At the Stated Meeting which handled annual reports, some members raised the question of removing me from the roll per BCO 38-3a. Referencing the discretion possessed by Presbytery and the particulars of the irregularity at hand, I asserted that I had not de facto withdrawn myself from the oversight of Eastern Carolina Presbytery. The question was referred to the Shepherding Committee to bring a resolution to the next Stated Meeting. The committee asked if I was amenable to the motion for transfer, to which I acceded.
The substitute motion intended for this Saturday, is in order, germane and posited on direct reference to BCO 38-3a. It can be commended for procedural tidiness, though I do not know what other arguments might be adduced. People at a distance should recognize-- I'm being rather detailed for that purpose-- that a Presbytery has a decision to make. The BCO is open and the discretion of the court ought not to be weighed by tangential connection to something else, important to somebody else, in some other situation, for some other something-something.
I do not know what decision the court will make. I don't know the difference for my plans.
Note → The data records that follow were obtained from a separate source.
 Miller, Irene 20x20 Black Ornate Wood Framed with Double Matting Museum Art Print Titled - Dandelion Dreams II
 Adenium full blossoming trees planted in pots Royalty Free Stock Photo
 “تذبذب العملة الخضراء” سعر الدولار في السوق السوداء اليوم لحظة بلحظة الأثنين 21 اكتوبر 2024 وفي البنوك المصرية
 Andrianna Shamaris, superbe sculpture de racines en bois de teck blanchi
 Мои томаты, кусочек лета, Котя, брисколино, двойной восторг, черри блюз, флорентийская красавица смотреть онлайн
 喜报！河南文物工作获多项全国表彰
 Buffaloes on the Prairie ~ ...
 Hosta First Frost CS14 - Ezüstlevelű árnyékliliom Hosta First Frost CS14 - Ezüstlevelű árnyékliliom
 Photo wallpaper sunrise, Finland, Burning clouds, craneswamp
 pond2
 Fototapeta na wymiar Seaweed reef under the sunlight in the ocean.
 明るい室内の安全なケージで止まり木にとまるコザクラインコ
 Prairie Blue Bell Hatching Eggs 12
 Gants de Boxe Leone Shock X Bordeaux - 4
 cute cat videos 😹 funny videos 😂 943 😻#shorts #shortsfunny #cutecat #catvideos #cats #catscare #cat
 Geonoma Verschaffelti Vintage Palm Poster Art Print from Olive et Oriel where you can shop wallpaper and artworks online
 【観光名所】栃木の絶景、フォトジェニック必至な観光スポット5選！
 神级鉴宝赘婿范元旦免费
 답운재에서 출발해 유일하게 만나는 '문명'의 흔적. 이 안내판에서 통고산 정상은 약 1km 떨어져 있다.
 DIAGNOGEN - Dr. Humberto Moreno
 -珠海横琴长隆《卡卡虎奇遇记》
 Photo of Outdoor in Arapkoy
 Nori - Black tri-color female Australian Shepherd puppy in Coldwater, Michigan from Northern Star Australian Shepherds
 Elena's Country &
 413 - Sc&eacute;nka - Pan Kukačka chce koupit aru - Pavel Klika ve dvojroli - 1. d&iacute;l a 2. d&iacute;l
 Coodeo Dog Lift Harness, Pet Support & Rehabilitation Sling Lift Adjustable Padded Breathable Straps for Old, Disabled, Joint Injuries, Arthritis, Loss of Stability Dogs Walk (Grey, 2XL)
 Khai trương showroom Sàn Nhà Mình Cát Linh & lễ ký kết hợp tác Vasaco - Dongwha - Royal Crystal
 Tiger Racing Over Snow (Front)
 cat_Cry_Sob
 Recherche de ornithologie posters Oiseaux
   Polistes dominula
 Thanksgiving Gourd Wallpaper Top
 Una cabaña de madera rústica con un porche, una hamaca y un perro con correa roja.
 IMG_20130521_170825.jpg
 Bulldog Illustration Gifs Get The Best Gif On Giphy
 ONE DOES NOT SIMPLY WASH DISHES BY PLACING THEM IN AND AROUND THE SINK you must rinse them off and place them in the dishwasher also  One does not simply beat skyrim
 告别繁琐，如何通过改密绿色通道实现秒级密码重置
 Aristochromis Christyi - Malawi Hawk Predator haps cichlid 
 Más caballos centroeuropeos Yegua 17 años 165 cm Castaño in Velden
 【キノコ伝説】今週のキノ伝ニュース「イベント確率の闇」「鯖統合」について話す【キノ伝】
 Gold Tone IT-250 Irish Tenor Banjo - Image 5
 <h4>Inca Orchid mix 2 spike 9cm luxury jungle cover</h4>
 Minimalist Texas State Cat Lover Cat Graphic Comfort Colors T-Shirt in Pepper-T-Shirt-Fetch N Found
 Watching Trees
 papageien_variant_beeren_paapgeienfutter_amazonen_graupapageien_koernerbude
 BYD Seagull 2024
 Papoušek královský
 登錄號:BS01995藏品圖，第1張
I could remove the doubt. I could do that. I could withdraw my membership from the RPCNA congregation with an email, and render the substitute motion moot. (Moot-- you know you are attending to procedure with words like that.) The vows, which I most recently took, have done me great good in the last year, just as did a more assiduous attention to my vows as a PCA Teaching Elder over the last few years. If I must choose between vows for the public consideration of my office and vows taken for the good of my household, I'm not confused. And, I'm not in charge.
/ / / / /
Hæc autem, fratres, transfiguravi in me et Apollo, propter vos :
ut in nobis discatis, ne supra quam scriptum est,
unus adversus alterum infletur pro alio.
At the risk of being seen as a fanboy, I'll just state the obvious. The fondness of your time in the PCA is heartening, as well as what you had to say and the passion of it on your appearence on Presbycast involving the JC book. May the Lord guide you and grant to you His peace...something we all could use a healthy dose of now.